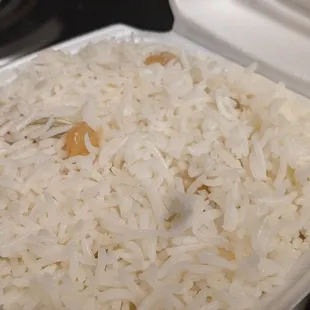 rice and nuts in a styrofoam container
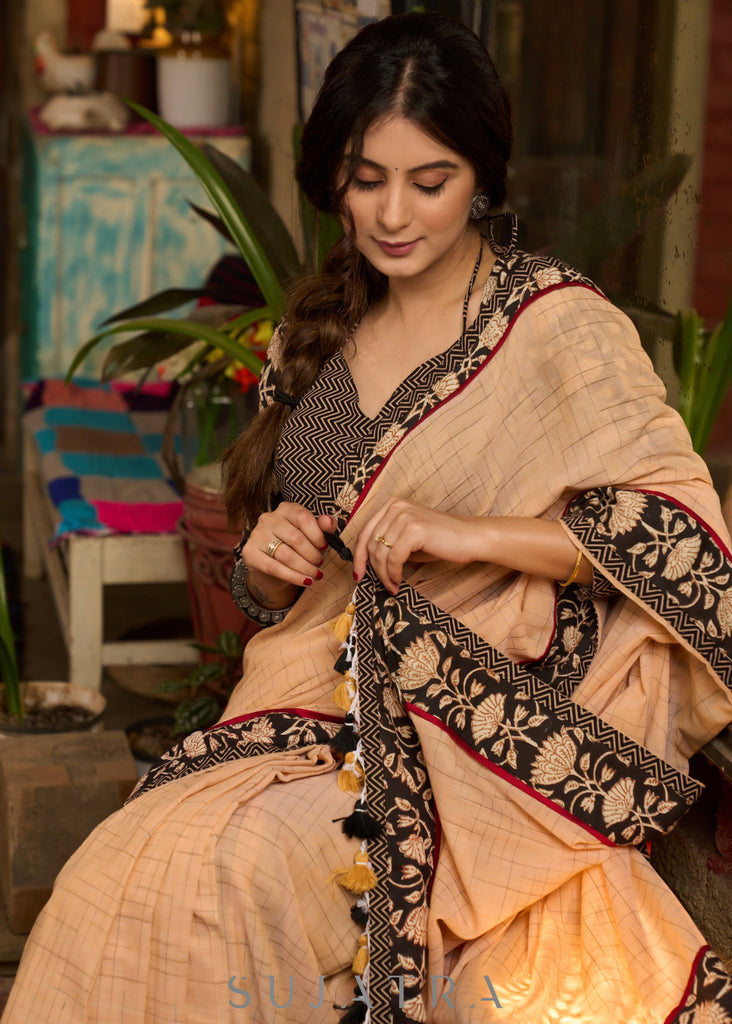 Elegant pastel peach cotton saree highlighted with beautiful floral border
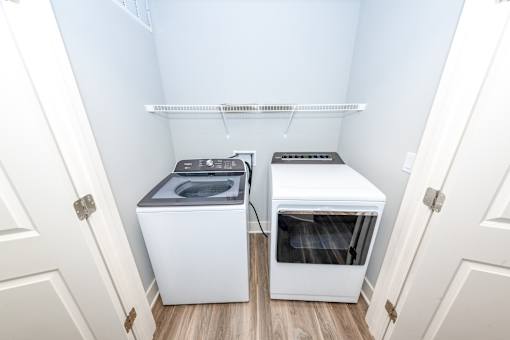 A small laundry room with a washer and dryer.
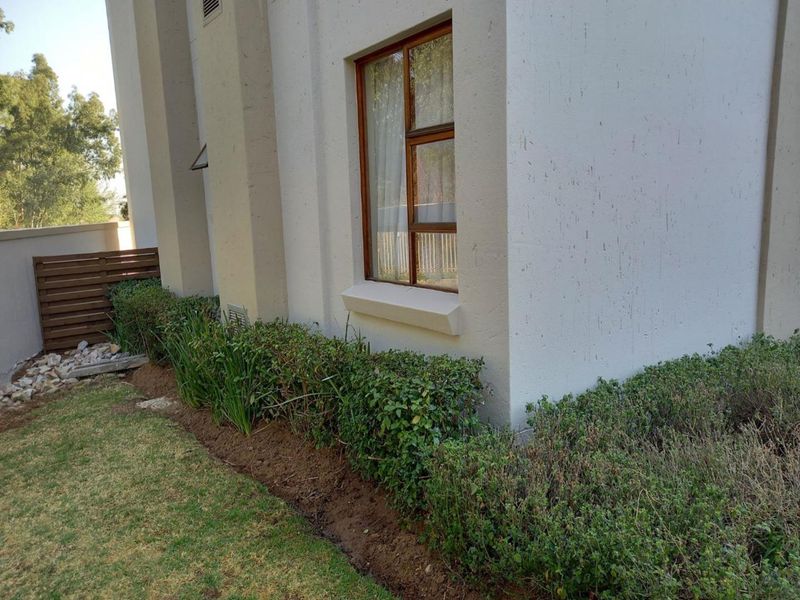 A view of the rear exterior wall featuring a timber window frame, adjacent garden bed, and timber slat fencing.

======

• _Aim of the task_: Retype, word for word, only the line holding "Elegant pastel peach" and the lines after it through the final line of the listing above, and leave every picture out.

• _Solution to the exercise_:
 Elegant pastel peach cotton saree highlighted with beautiful floral border
 A small laundry room with a washer and dryer.
 A view of the rear exterior wall featuring a timber window frame, adjacent garden bed, and timber slat fencing.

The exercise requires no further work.